Fernando Veludo / Lusa

O vice-almirante Gouveia e Melo, coordenador da “task force” de vacinação contra a covid-19

Com 85% da população portuguesa com pelo menos uma dose da vacina, afluência aos centros de vacinação começa a ser residual, com alguns a proceder à transferência dos recursos para os centros de saúde. Até agora, ocorreram em Portugal 82 mortes com possíveis ligações à toma das vacinas.

Os quatro centros de vacinação covid-19 do Douro Norte reduzem para metade o horário de funcionamento a partir de terça-feira e, no final do mês, os meios começarão a ser deslocados para os centros de saúde.
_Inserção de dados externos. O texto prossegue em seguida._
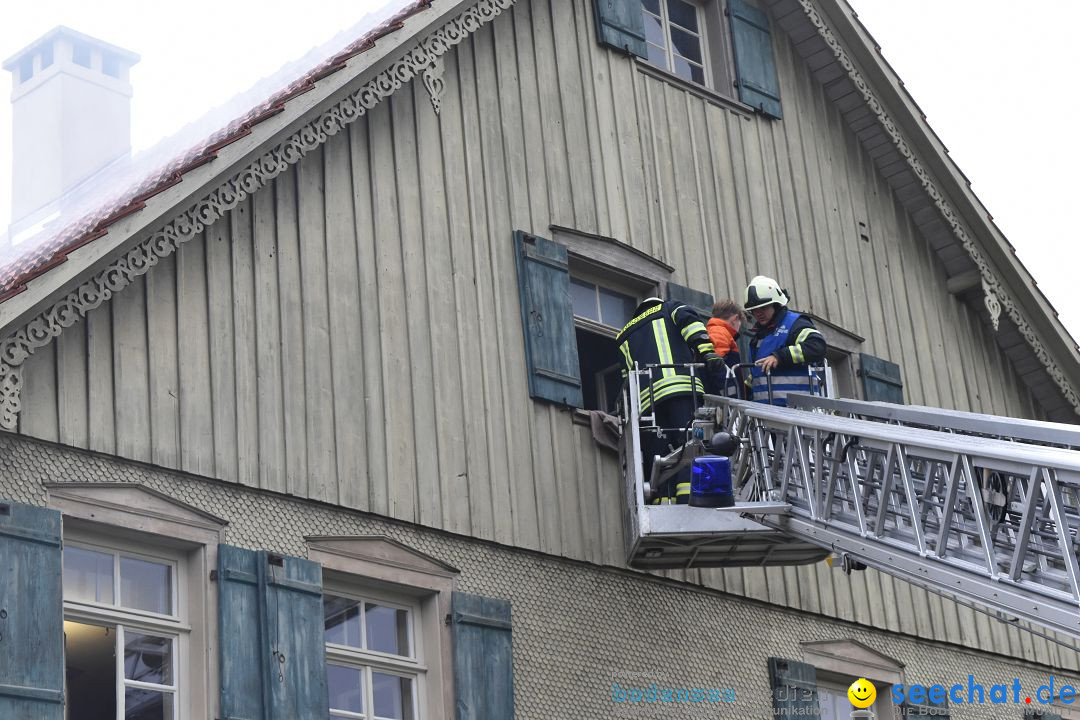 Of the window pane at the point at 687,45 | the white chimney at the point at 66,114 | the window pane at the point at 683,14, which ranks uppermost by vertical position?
the white chimney at the point at 66,114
A informação foi dada ontem pelo diretor executivo do Agrupamento de Centros de Saúde (ACES) Douro I — Marão e Douro Norte, Gabriel Martins, que referiu que o volume de utentes que se querem vacinar “começa a ser residual”.

Na área deste ACES, que abrange sete municípios — Alijó, Mesão Frio, Murça, Peso da Régua, Sabrosa, Santa Marta de Penaguião e Vila Real —, foram vacinados com a primeira dose da vacina 82% dos utentes e a taxa de vacinação completa está na ordem dos 79%.
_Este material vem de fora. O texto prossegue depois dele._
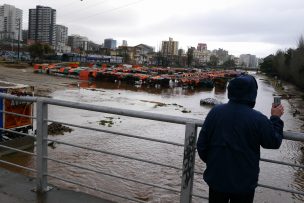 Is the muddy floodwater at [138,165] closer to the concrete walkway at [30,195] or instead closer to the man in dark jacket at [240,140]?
the concrete walkway at [30,195]

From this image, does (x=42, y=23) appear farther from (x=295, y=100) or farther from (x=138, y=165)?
(x=138, y=165)

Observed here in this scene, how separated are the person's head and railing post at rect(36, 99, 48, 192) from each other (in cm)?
217

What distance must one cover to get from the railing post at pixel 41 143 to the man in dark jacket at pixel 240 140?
2.04 metres

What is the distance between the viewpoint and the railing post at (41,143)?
156 inches

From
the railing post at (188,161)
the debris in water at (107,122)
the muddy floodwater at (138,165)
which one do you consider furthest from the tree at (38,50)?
the railing post at (188,161)

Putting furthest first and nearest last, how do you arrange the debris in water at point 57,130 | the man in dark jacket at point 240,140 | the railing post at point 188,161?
the debris in water at point 57,130, the railing post at point 188,161, the man in dark jacket at point 240,140

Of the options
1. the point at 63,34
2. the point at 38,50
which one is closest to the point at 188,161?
the point at 38,50

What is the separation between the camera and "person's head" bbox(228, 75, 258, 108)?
101 inches

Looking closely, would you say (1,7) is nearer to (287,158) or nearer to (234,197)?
(287,158)

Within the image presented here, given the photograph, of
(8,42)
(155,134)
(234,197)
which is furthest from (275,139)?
(8,42)

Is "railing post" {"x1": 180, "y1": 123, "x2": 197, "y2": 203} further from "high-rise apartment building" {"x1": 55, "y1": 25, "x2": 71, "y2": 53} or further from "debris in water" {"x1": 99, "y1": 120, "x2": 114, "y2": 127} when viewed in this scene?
"high-rise apartment building" {"x1": 55, "y1": 25, "x2": 71, "y2": 53}

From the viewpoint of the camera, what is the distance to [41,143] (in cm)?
400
“Começamos a ter um volume de utentes que já é ou resistente à vacinação ou então é em número muito pequeno e, como tal, não justifica termos equipas inteiras a garantir a permanência dos centros de vacinação para uma afluência tão baixa e, numa lógica de poupança e de otimização de recursos, vamos reduzir 50% aquilo que é a nossa capacidade instalada nos centros de vacinação”, explicou Gabriel Martins.

“A partir do final de setembro vamos tendencialmente começar a deslocar os meios dos centros de vacinação para os centros de saúde”, acrescentou o responsável. No entanto, Gabriel Martins ressalvou que terão ainda que ser equacionadas “algumas incógnitas”, nomeadamente qual vai ser a opção em relação a terceiras doses, ou seja, quais os grupos que poderão vir a ser alvo de uma terceira dose da vacina contra a covid-19.
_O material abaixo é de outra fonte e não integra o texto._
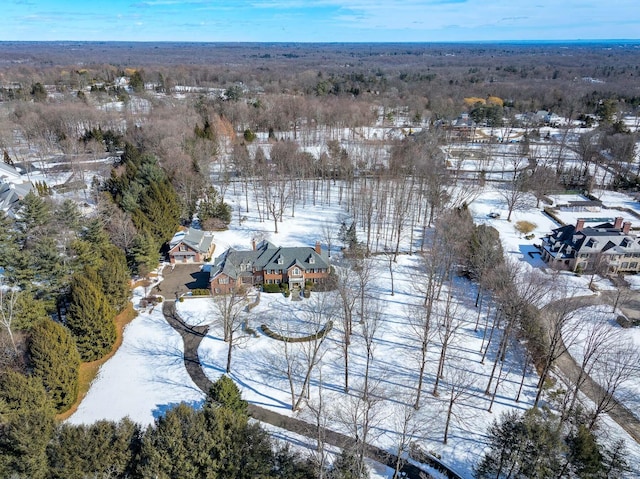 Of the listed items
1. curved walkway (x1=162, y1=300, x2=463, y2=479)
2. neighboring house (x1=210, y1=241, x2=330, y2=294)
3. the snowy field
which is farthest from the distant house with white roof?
curved walkway (x1=162, y1=300, x2=463, y2=479)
O diretor salientou o “esforço bastante intenso” que está a ser feito para vacinar os poucos utentes que ainda não o fizeram. “Temos estado a fazer convocatórias por telefone de utentes que ainda estão em atraso e a nossa taxa de repescagem de utentes é baixa. Ou seja, nós em 100 telefonemas conseguimos muitas vezes 15 ou 20 utentes que se vêm vacinar”, referiu.

Detetadas mais de 14 mil reações adversas à vacina em Portugal

O Infarmed, Autoridade Nacional do Medicamento e Produtos de Saúde, anunciou ontem que foram registadas em 14 mil suspeitas de reações adversas às vacinas contra a covid-19. Há ainda registo de 82 mortes entre idosos, apesar de não ser possível comprovar a relação causa-efeito entre a toma da vacina e os óbitos.

A maior parte das notificações aconteceu com a vacina da Pfizer/BioNtech (Comirnaty), 7581, seguindo-se a da AstraZeneca (Vaxzevria), com 4188, a da Moderna (Spikevax), com 1486, e a da Janssen, com 1136. Ainda assim , o organismo destaca que estes dados “não permitem a comparação dos perfis de segurança entre vacinas”, já que estas foram utilizadas em subgrupos populacionais distintos e “em períodos e contextos epidemológicos distintos”.

Através dos números do Infarmed é possível perceber que por cada mil vacinas foram detetadas uma reação adversa com as vacinas da Pfizer, Moderna e Jansen, ao passo que com a da AstraZeneca o número passa para duas. O Infarmed diz ainda que esta tendência se manteve estável ao longo dos meses em que a vacina tem vindo a ser administrada.

No que respeita às 82 mortes registadas por possíveis ligações às vacinas, aconteceram em pessoas cujas idades rondava, em média, os 77 anos, apesar de, tal como reforça o Infarmed, não se pressupor “necessariamente a existência de uma relação causal entre cada óbito e a vacina administrada, decorrendo também dentro dos padrões normais de morbilidade e mortalidade da população portuguesa”.